Une énorme pancarte montrait Donald Trump et sa distribution aérienne de rouleaux essuie-tout, avec la légende suivante: "Défense d'oublier".

Cependant, l'incertitude plane sur la capacité à se mobiliser de cet électorat.

Vénézuéliens "nouveaux Cubains"

A l'opposé, le soutien à Donald Trump des votants d'origine cubaine semble s'être renforcé depuis 2016.

Selon un sondage NBC News/Marist: le président devancerait son rival démocrate de quatre points (50-46) dans les intentions de vote chez les Latinos, les deux hommes étant à égalité en Floride en comptant tous les électeurs.

M. Trump a su rallier les votants d'origine vénézuélienne en adoptant une posture farouchement anti-Maduro, le président du Venezuela, même si celui-ci est toujours au pouvoir à Caracas.

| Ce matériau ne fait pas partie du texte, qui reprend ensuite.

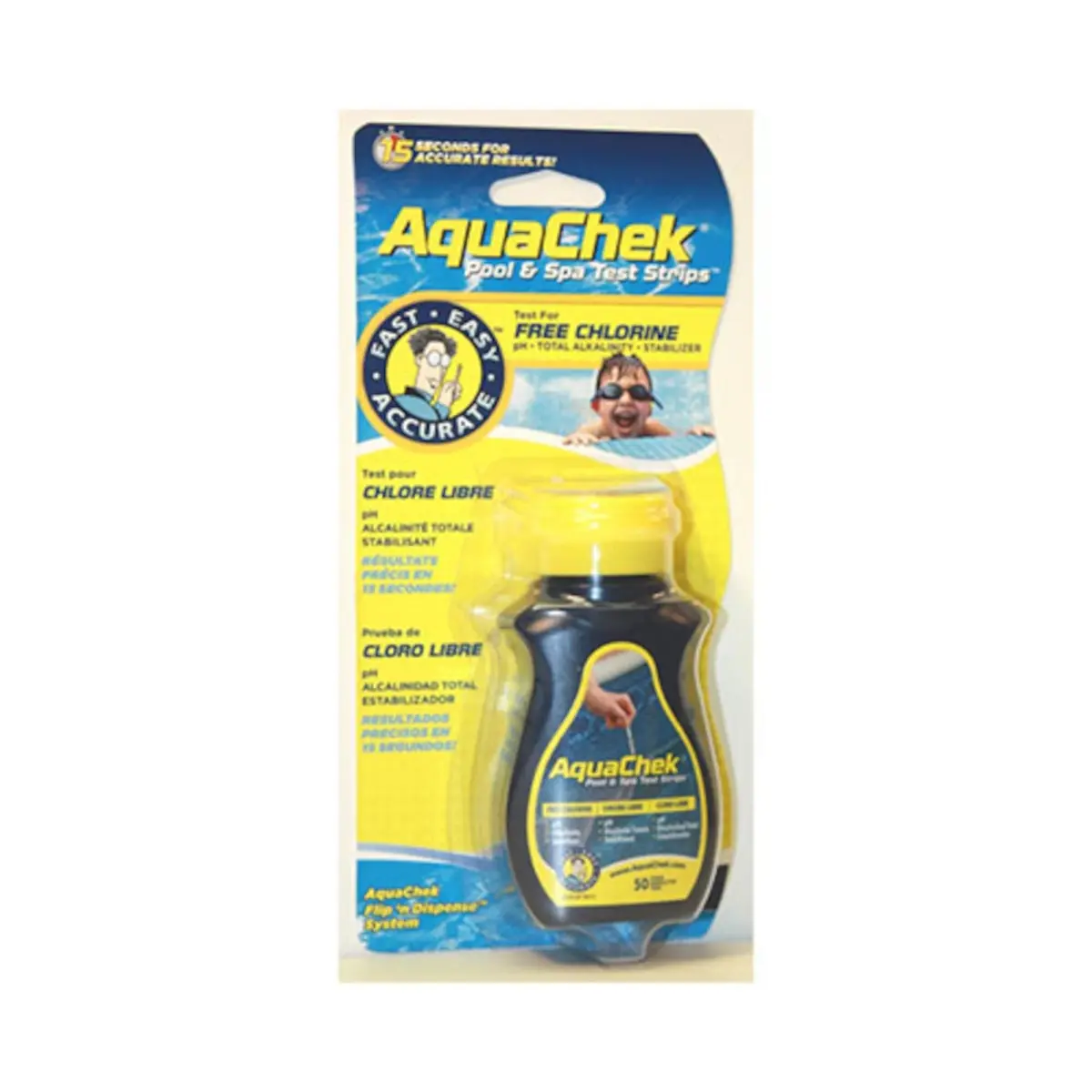 212 MAIN HydroQuip AquaChek 4-in-1 Chlorine Water Testing Strips - Yellow Water Quality Tester for Aquatic Fitness Equipment Maintenance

"Les républicains ont une stratégie habile qui consiste à transformer les Vénézuéliens en nouveaux Cubains", résume Randy Pestana, un expert en sciences politiques.

Dimanche, Trump a rendu hommage aux anciens combattants du débarquement de la baie des Cochons, une tentative d'invasion militaire de Cuba par des exilés cubains soutenus par les États-Unis en avril 1961.

Dans le reste du pays, les électeurs hispaniques sont majoritairement originaires du Mexique et des pays d'Amérique centrale. Pour eux la question migratoire est essentielle pour déterminer leur vote, un thème sur lequel Donald Trump a toujours affiché sa fermeté.

Résultat, au niveau national, 66% des Hispaniques disent avoir une opinion défavorable du président, selon l'institut Latino Decisions. Et en novembre ils représenteront pour la première fois le premier groupe de votants parmi les minorités ethniques, avec 13% de l'électorat, a calculé l'institut Pew.

Mais ce sont bien les Latinos de Floride qui seront les plus susceptibles de faire basculer l'issue du scrutin.